Ya da kendi gurubunu, kendi cemaatini, kendi tarikatını, kendi partisini öyle sanıyor, öyle inanıyor. Kendileri dışında herkes yanlış yolda, herkes yanlış din anlatıyor, herkes batıl işler peşinde.
NEYSE:
İşte o günlerden bir günde (bir Cuma günü) Cuma öncesi doktora çıkmam gerekti. Ve biraz geciktiğim için Cuma namazına az kalmıştı. Özel güvenlikçiye “Cuma namazı için yakınlarda bir cami olup olmadığını sordum” yakınlarda cami yok ama “hemen yukarda” yurt binasında namaz kılınıyor dedi, ve oraya gittim.
Bir hoca efendi vaaz ediyordu. Konuşmasından iki bölüm aktaracağım size. Öteki bölümler de “aktaracaklarımın” aynı benzeriydi zaten.
BİR: Hocamız Allah dedi “Allah soru soranları sevmez” dedi, Peygamberden nakille. Nereden bulmuşsa bu bilgiyi. Oysa İslam baştan sona “sorma bilme ve öğrenme” diniydi.
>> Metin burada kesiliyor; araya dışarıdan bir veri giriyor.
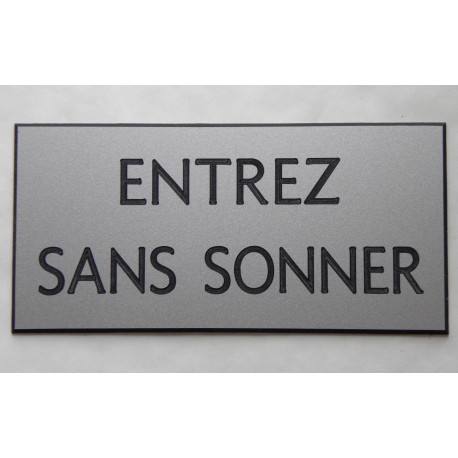 plaque adhésive "ENTREZ SANS SONNER" argentée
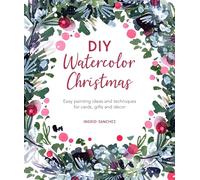 DIY Watercolor Christmas: Easy Painting Ideas and Techniques for Cards, Gifts and Decor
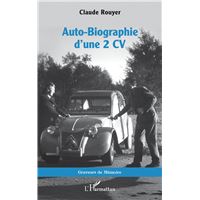 Auto-Biographie d’une 2 CV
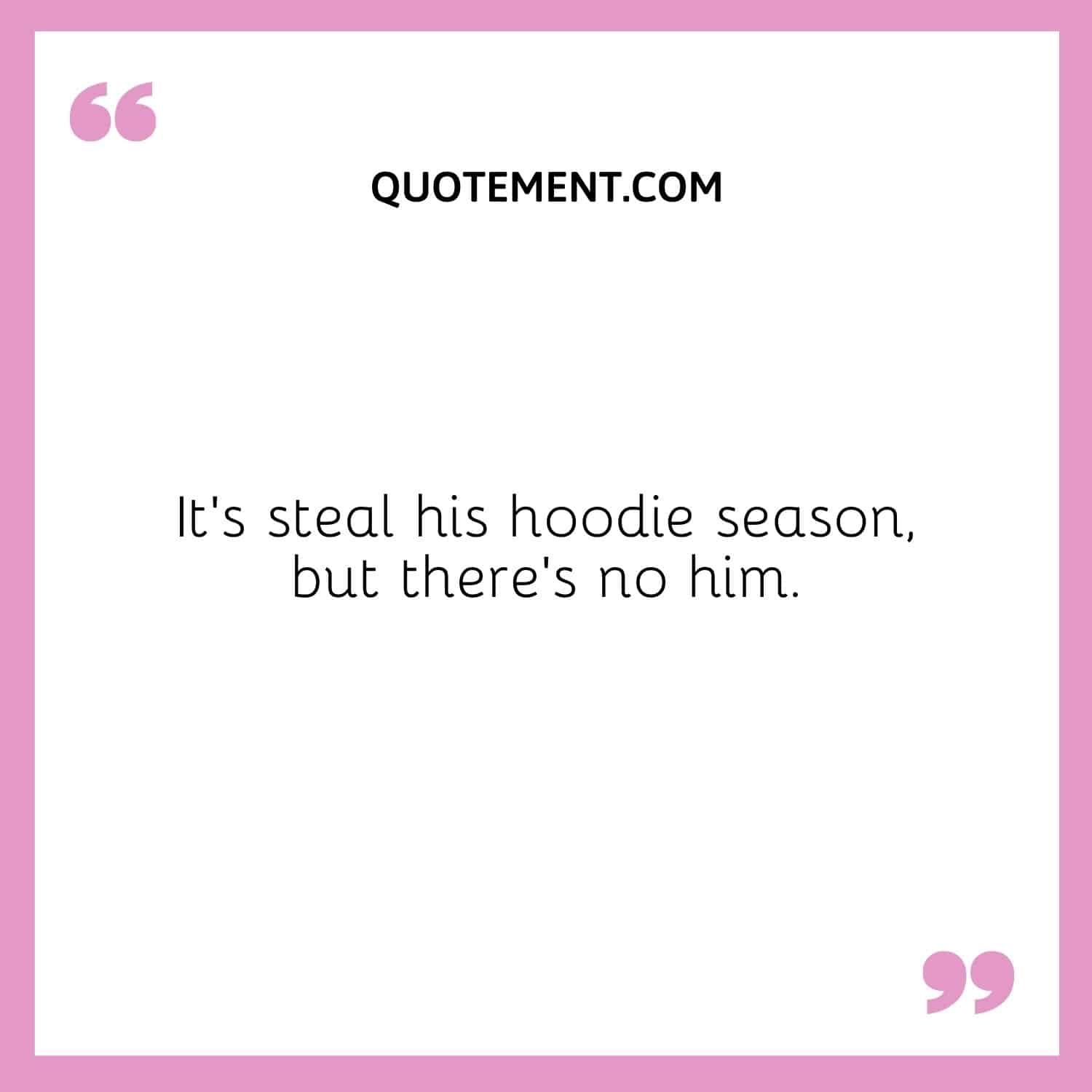 It’s steal his hoodie season, but there’s no him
Biz ki “yani bu ülke insanı” soru sormaktan korktuğumuz için, veya korkuttukları için “bu kadar karanlıklarda kaldık” bu kadar haksızlıkların ortasında kaldık, bunca cahil bırakıldık İslam konusunda. Merak etmeyin “İslam adına” bildiklerimizin çoğu İslam değil. Biz atalarımızın, büyüklerimizin ağabey dediğimiz adamların, şeyhlerimizin dini üzereyiz.
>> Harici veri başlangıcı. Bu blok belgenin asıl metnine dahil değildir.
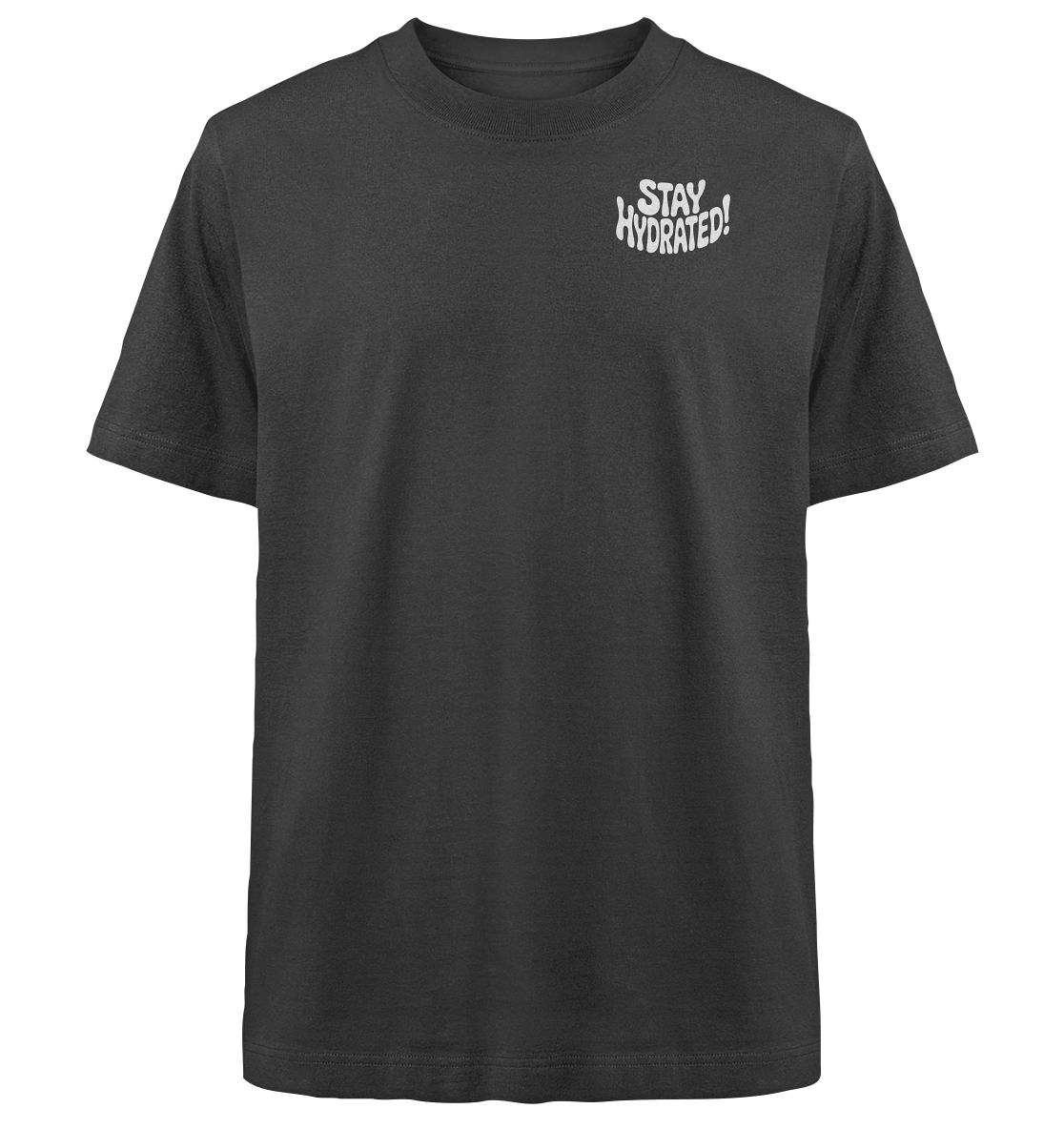 Stay Hydrated - Heavy Oversized Shirt
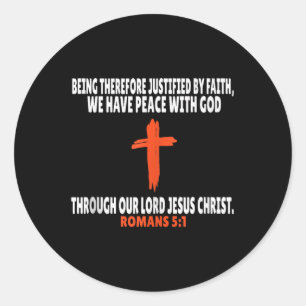 Romans 5_1 Bible Verses Scripture Tank Top Classic Round Sticker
Soramadık kimseye “bunu nerden buldun, bu serveti nasıl edindin” diye. Yanlış anlaşılmasın “burada” muhatabımız siyasetçilerdir.
Sonra soramadık din adına konuşanlara “bu söyledikleriniz” dinin neresinde var diye, kitabın neresinde var diye. Bundandır din pazarlamacıları köşe oldular yaşadıkları kentler de.
Allah’ın ipinden söz etti hocamız. Allah’ın ipine sımsıkı sarılmadan söz etti. Ama sonra “sonra” bu ipin “ehli sünnet ve cemaat” olduğunu söyledi. Oysa Peygamberimizin ağzından ne böyle bir söz çıkmıştır, ne böyle bir tavsiyesi vardır ümmetine. Ehli Sünnet tanımı “asırlar sonra” kimi mezhep imamları tarafından söylenmiştir.
Yine uzun oldu. Yine anlatamadım anlatılması gerekenleri Umarım anlamak isteyenler anlamıştır. Binler selam hepinize. Sözümüze, ve düşüncelerimize katılmayanlar “kardeşçe” bize bir söz etsinler lütfen.